Pham Thai-Hoang, Xie Lei, Zhang Ping
Department of Computer Science and Engineering, The Ohio State University, Columbus, USA.
Department of Computer Science, Hunter College, The City University of New York, New York City, USA; Neuroscience, Weill Cornell Medicine, New York City, USA.
Proc SIAM Int Conf Data Min. 2022;2022:720-728. doi: 10.1137/1.9781611977172.81.

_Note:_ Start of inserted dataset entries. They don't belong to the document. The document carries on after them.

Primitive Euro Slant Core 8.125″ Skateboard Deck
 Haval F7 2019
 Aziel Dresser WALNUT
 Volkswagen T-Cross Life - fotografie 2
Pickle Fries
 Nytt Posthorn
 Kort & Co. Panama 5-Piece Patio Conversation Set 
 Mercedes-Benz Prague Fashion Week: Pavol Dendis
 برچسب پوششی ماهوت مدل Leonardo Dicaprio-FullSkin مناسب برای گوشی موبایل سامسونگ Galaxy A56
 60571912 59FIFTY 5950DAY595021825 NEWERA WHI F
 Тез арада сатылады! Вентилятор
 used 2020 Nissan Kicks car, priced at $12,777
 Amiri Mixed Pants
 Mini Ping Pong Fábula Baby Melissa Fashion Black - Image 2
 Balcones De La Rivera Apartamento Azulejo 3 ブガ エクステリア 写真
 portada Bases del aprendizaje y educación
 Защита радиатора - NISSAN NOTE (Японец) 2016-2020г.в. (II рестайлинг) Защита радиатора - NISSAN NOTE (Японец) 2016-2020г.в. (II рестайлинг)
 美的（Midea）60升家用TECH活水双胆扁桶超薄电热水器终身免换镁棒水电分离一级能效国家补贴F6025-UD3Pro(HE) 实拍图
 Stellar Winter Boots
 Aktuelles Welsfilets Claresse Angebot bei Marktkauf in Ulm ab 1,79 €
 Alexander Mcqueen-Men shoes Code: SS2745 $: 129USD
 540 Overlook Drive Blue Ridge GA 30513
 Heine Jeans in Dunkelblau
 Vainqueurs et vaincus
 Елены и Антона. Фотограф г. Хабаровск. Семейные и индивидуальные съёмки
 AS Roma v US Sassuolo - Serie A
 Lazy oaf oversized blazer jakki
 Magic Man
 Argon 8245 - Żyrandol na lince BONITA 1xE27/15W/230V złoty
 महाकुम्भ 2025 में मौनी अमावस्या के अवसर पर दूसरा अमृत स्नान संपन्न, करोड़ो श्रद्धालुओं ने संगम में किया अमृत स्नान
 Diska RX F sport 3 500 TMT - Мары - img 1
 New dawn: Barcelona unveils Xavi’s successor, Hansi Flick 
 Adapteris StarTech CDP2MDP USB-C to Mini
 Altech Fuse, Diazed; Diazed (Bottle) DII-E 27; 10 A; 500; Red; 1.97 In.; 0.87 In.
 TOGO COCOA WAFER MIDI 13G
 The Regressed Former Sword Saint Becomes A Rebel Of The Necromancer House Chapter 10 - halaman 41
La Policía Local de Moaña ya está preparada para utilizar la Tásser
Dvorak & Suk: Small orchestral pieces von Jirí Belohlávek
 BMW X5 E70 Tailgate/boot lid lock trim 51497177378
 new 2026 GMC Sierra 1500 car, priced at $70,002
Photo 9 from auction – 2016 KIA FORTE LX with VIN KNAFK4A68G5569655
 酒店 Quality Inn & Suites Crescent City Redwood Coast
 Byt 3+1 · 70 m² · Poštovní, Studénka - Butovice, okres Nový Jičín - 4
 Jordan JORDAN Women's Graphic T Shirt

molecular design is a key challenge in drug discovery due to the complexity of chemical space. With the availability of molecular datasets and advances in machine learning, many deep generative models are proposed for generating novel molecules with desired properties. However, most of the existing models focus only on molecular distribution learning and target-based molecular design, thereby hindering their potentials in real-world applications. In drug discovery, phenotypic molecular design has advantages over target-based molecular design, especially in first-in-class drug discovery. In this work, we propose the first deep graph generative model (FAME) targeting phenotypic molecular design, in particular gene expression-based molecular design. FAME leverages a conditional variational autoencoder framework to learn the conditional distribution generating molecules from gene expression profiles. However, this distribution is difficult to learn due to the complexity of the molecular space and the noisy phenomenon in gene expression data. To tackle these issues, a gene expression denoising (GED) model that employs contrastive objective function is first proposed to reduce noise from gene expression data. FAME is then designed to treat molecules as the sequences of fragments and learn to generate these fragments in autoregressive manner. By leveraging this fragment-based generation strategy and the denoised gene expression profiles, FAME can generate novel molecules with a high validity rate and desired biological activity. The experimental results show that FAME outperforms existing methods including both SMILES-based and graph-based deep generative models for phenotypic molecular design. Furthermore, the effective mechanism for reducing noise in gene expression data proposed in our study can be applied to omics data modeling in general for facilitating phenotypic drug discovery.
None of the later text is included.